RSPB Scotland's Erica Mason discusses the importance of peat and the damaging practices which threaten our peat ecosystems.
For peat's sake, buy peat free
We live in a peaty country and that peat is incredibly precious. Healthy peat ecosystems like this are the most powerful carbon sinks on Earth, storing up to 30% of the Earth’s terrestrial carbon. However, when these ecosystems are damaged, biodiversity is lost and they release carbon equivalent to 10% of the Earth’s global emissions.
The Scottish Government has recognised the importance of peatlands by committing to an investment of over £250 million in peatland restoration over the next 10 years. This will hopefully enable the development of large-scale, multi-year projects to restore large areas of our damaged peatlands.
This investment, which signals the government’s recognition of the importance of peatlands is very welcome. But it is only a start. Even that substantial amount of money will not restore all of Scotland’s degraded peatland. Simply committing money to peatland restoration will also not solve the problem. We need a coherent approach to peatland policy that brings an end to damaging practices like burning and extraction, which create the need for restoration in the first place.
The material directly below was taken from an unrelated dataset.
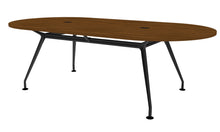 Load image into Gallery viewer, INV-RT9648-MUP-BWBL Upscale complete table – Black Walnut (BW) with black legs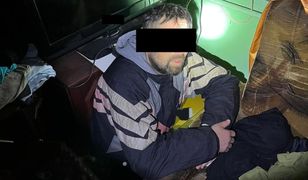 Mężczyzna ukrywał się przed rodziną. Wpadł podczas włamania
Ending damaging practices like burning or the commercial extraction of peat for horticulture, which takes place on some of our lowland bogs, requires action from the Scottish Government and we want to see them take action quickly.
But in the absence of that action from government there is something you can do: stop buying compost with peat in it. Just as we know that when people demand change of their governments, change happens, when demand for products like compost with peat decrease, so do the practices that contribute to their products.
Healthy, thriving peatland is not only a nature-based solution to climate change, it is a unique ecosystem with irreplaceable biodiversity that enriches human life in myriad ways.